3 of 167 comments (clear)

  1. WhiteHat Voting by JavaBear · · Score: 5, Insightful

    I have 2 solutions to all these problems.

    1: Do like the rest of the world, and use a HB #2 pencil.

    2: EFF and the rest of the American White hats get together and develop an Open Voting system, that are freely implementable by any state, that can withstand public scrutiny and peer review.

  2. How much more does it take? by Opportunist · · Score: 5, Insightful

    Those machines have been proven time and again that they're insecure, not reliable and that it takes special knowledge to even start verifying their results. Now we add ease of manipulation to the fold.

    How much more does it take to see that it is a BAD idea?

    Yes, paper voting is costy. But we're not talking something where cost is the deciding factor. Democracy is about two things: People participating in the government of their country, and people trusting the government of their country. In a democracy, people have (ok, should have) a say in their country's behaviour. And this in turn should give them a feeling of belonging, they should feel their country takes them serious and as more than just peons who can be ordered around, because they chose their government themselves. This usually means more trust and faith in their rulers, because they themselves chose them (not some divine right to rule or military force, they installed their government).

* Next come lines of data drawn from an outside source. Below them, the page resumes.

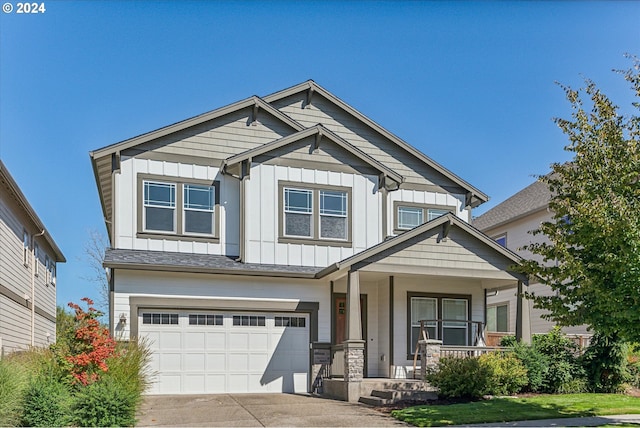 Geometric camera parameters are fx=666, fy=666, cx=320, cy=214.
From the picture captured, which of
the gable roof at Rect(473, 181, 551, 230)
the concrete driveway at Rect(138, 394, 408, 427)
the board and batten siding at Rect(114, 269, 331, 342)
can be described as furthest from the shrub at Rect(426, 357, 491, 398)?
the gable roof at Rect(473, 181, 551, 230)

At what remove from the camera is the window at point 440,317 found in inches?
767

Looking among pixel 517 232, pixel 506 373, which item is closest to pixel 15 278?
pixel 506 373

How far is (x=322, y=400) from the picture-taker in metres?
16.2

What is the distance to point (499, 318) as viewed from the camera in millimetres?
29969

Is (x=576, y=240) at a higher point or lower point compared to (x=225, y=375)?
higher

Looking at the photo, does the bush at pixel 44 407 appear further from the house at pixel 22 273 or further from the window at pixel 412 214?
the window at pixel 412 214

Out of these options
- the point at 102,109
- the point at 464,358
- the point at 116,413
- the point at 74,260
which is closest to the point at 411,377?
the point at 464,358

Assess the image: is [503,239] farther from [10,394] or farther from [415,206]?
[10,394]

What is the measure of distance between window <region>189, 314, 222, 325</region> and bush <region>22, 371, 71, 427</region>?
649cm

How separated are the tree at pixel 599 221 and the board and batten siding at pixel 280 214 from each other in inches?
295

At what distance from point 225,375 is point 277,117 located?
780cm

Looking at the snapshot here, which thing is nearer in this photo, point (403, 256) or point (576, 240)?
point (576, 240)

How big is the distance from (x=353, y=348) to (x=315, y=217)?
14.3 feet

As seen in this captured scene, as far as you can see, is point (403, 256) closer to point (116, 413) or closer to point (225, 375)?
point (225, 375) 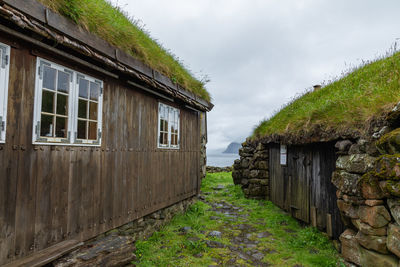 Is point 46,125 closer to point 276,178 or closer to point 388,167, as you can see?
point 388,167

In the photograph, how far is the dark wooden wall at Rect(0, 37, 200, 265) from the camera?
10.4ft

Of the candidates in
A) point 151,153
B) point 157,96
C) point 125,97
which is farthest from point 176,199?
point 125,97

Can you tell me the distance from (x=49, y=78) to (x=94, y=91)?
0.90m

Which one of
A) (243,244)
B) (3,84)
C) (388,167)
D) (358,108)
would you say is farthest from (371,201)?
(3,84)

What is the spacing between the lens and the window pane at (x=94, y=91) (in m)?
4.39

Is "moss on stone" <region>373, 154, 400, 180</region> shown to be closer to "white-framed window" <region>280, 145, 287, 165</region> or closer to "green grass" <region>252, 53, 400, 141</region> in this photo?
"green grass" <region>252, 53, 400, 141</region>

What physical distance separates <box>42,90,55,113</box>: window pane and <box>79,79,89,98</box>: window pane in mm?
551

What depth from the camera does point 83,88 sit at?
13.8 feet

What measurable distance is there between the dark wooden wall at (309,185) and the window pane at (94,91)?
213 inches

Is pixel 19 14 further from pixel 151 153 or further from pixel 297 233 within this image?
pixel 297 233

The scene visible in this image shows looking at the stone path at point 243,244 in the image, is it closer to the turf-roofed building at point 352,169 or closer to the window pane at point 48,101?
the turf-roofed building at point 352,169

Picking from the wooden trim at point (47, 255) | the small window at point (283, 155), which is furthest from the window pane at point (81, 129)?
the small window at point (283, 155)

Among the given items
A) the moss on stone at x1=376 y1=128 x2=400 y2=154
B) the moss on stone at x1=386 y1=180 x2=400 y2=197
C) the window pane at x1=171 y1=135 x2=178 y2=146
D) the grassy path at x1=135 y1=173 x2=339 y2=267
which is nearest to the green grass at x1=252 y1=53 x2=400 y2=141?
the moss on stone at x1=376 y1=128 x2=400 y2=154

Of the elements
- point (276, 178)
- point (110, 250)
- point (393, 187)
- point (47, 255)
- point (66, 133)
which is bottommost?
point (110, 250) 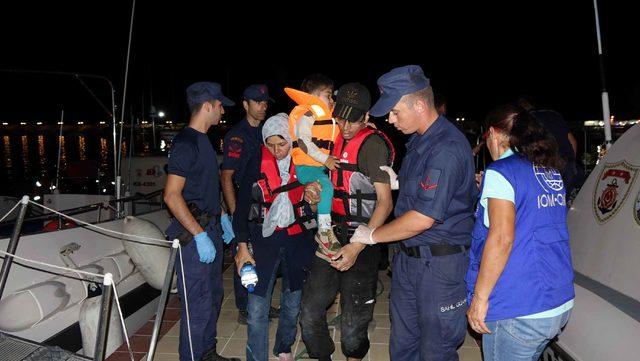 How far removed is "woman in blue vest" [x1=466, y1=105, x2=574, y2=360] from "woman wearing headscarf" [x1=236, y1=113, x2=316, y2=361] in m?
1.61

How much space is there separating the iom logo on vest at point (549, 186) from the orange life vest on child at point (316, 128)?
1538 millimetres

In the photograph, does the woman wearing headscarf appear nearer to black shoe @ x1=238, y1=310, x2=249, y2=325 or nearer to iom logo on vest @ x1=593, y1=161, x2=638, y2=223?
black shoe @ x1=238, y1=310, x2=249, y2=325

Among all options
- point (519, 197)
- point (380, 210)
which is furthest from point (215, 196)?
point (519, 197)

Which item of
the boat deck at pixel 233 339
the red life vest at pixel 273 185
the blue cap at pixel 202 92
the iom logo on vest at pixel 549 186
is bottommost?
the boat deck at pixel 233 339

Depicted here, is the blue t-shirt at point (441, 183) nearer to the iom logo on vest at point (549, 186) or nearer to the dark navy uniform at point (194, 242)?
the iom logo on vest at point (549, 186)

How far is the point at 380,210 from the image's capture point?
3121 millimetres

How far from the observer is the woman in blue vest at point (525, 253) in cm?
222

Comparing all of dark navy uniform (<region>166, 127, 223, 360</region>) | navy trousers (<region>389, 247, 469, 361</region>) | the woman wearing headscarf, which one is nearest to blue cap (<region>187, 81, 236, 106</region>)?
dark navy uniform (<region>166, 127, 223, 360</region>)

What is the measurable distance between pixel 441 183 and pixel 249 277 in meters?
1.64

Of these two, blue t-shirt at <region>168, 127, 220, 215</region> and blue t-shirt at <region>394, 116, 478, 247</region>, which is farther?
blue t-shirt at <region>168, 127, 220, 215</region>

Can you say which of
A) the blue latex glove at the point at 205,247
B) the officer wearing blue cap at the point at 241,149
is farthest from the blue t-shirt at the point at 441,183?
the officer wearing blue cap at the point at 241,149

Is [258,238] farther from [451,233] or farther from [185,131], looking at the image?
[451,233]

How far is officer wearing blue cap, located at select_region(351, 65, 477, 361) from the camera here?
8.63ft

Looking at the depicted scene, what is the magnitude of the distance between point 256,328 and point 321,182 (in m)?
1.27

    Especially the latter part is at risk. If you cannot easily debunk any claims of voting fraud, because the means to vote offer themselves for easy manipulation, you open your country for claims of illegal manipulations that cannot be disproved. You destroy the faith people have in their country and the support. Not that it was really necessary these days, people already started losing faith in the democratic process and democracy altogether. But this has the potential to be the last straw.

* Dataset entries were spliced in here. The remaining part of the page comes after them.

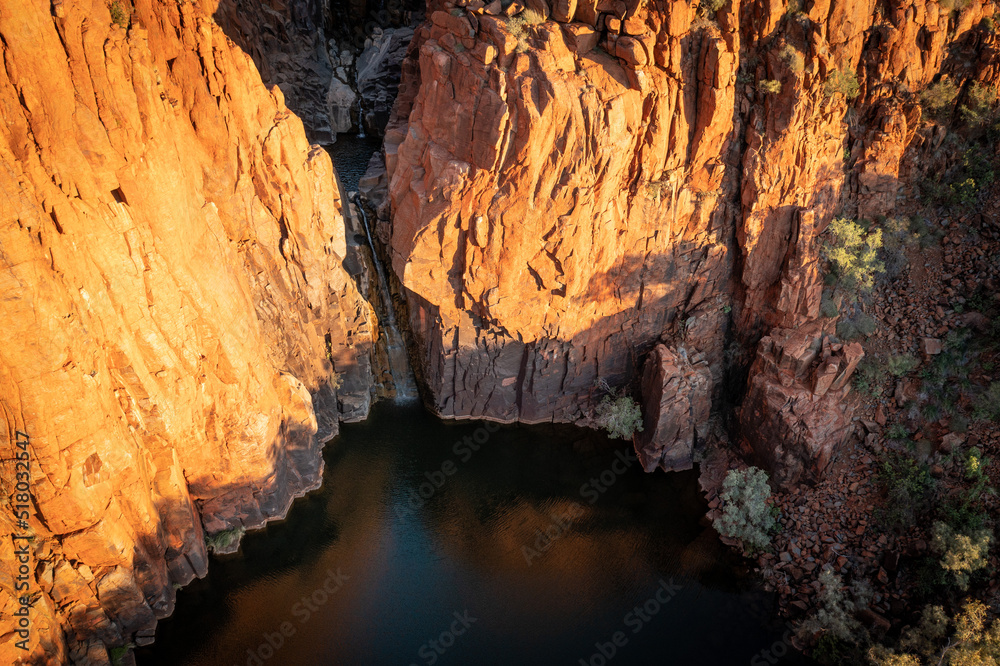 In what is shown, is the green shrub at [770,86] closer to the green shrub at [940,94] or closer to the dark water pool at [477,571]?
the green shrub at [940,94]

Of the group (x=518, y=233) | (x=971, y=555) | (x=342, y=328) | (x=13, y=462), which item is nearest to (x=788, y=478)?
(x=971, y=555)

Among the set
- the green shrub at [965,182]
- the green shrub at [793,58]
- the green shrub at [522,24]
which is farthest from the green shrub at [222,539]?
the green shrub at [965,182]

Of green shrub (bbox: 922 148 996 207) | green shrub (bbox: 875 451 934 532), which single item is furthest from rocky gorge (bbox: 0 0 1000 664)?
green shrub (bbox: 875 451 934 532)

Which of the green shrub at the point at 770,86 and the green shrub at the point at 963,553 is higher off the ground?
the green shrub at the point at 770,86

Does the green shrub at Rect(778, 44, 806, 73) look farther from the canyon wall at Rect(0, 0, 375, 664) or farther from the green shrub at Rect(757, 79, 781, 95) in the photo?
the canyon wall at Rect(0, 0, 375, 664)

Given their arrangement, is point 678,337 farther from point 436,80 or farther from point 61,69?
point 61,69

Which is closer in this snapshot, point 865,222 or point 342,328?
point 865,222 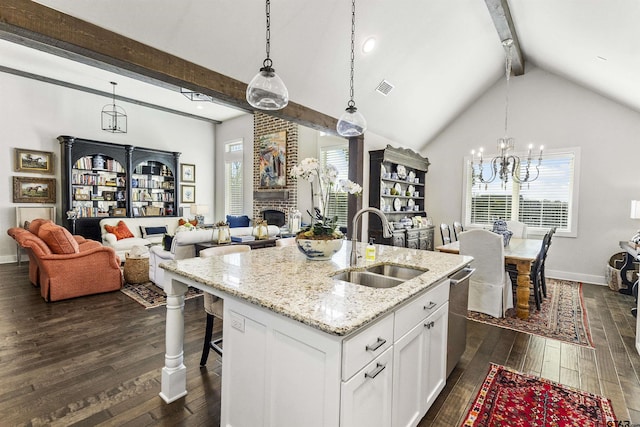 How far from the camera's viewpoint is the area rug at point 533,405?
1906 mm

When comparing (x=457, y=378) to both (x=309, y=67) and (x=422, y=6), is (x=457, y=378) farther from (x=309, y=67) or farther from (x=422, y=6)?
(x=422, y=6)

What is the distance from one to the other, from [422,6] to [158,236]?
678 cm

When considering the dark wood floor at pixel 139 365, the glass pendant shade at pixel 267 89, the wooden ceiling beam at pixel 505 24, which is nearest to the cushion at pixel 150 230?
the dark wood floor at pixel 139 365

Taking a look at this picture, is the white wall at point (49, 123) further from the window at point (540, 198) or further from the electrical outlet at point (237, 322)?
the window at point (540, 198)

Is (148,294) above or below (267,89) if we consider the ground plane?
below

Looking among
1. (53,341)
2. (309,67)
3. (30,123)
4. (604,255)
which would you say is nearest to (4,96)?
(30,123)

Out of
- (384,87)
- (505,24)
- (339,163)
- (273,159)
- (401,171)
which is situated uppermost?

    Cost is not an argument when it comes to voting. If you want people to support the government as wanted by the majority, you have to make sure that it will be seen as the will of the majority. If fraud is easy, dissenting people will always claim foul play and you will not have any chance to call them bad losers. You can't prove them wrong, quite the opposite, we have seen now time and again that they have every reason to be suspicious.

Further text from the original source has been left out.